- Born: Layli Sitarih Miller March 24, 1972 (age 54)
- Education: Agnes Scott College (BA) American University (MA, JD)
- Occupations: Founder and previous CEO, Tahirih Justice Center

= Layli Miller-Muro =

American lawyer (born 1972)

Layli Miller-Muro (née Bashir; born March 24, 1972) is an American attorney and activist. She is the founder and former CEO of Tahirih Justice Center, a national non-profit dedicated to protecting women from human rights abuses such as rape, female genital mutilation/cutting, domestic violence, human trafficking, and forced marriage. Tahirih's holistic model for protection combines free legal services and social services case management with public policy advocacy, education, and outreach.

==Human rights advocacy==
Miller-Muro founded the organization in 1997 following her involvement in Matter of Kasinga, a high-profile case that set national precedent and changed asylum law in the United States. Fauziya Kassindja (born 1977), who had fled Togo in fear of a forced polygamous marriage and a tribal practice known as female genital mutilation, was granted asylum in 1996 by the U.S. Board of Immigration Appeals.
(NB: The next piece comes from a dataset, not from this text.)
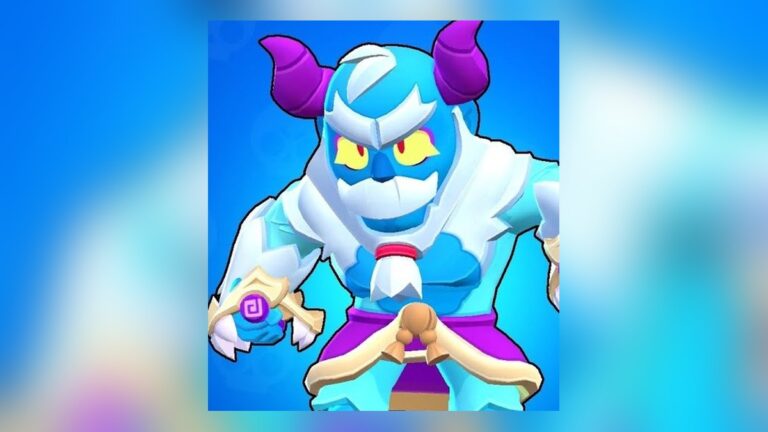 Cuánto mide Sam de Brawl Stars según su físico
This decision opened the door to recognizing gender-based persecution as grounds for asylum. Using her portion of the proceeds from a book she and Kassindja co-authored about the case (Do They Hear You When You Cry? Delacorte Press, 1998), Miller-Muro established Tahirih.

Since 2001, she has led the Tahirih Justice Center in serving more than 25,000 women and children since 1997, growing the non-profit from a staff of 6 to over 70, and expanding its offices from Greater DC to Houston, Baltimore and San Francisco. In recognition of its sound management and innovative programs, under Miller-Muro's leadership, the Tahirih Justice Center won The Washington Post Award for Management Excellence and gained recognition for its innovative use of pro bono services in the Stanford Social Innovation Review.

Prior to joining the Tahirih Justice Center as executive director in 2001, Miller-Muro was an attorney at the Washington, D.C., law firm of Arnold & Porter, where she practiced international litigation. Prior to joining Arnold & Porter, Miller-Muro was an attorney-advisor at the U.S. Department of Justice, Board of Immigration Appeals.

== Education ==
Miller-Muro received her JD and MA in International Relations from American University and B.A. from Agnes Scott College, specializing in political science, sociology and anthropology.

==Recognition==
Among her many awards and recognitions, Miller-Muro was named DC Young Mother of the Year in 2015 by American Mothers Inc. She was also named one of 50 powerful women religious leaders to celebrate on International Women's Day in 2014 by The Huffington Post, and, in 2013, she received an honorary doctorate from Northern Illinois University.

In 2012, she was recognized for her work at the Tahirih Justice Center and named one of Newsweek/The Daily Beast 's 150 Most Fearless Women in the World. In the same year, she received Diane Von Fürstenberg's People's Voice Award and made the list of Goldman Sachs' Top 100 Most Innovative Entrepreneurs. Additionally, in 2010, she was awarded the Smart CEO Brava! Women Business Achievement Award which recognizes 25 female executives who are exemplary leaders within their companies and communities at large.

== Personal life ==
Miller-Muro lives in Washington D.C., with her husband, Gil Miller-Muro, and their three children. She is an active member of the Baháʼí Faith.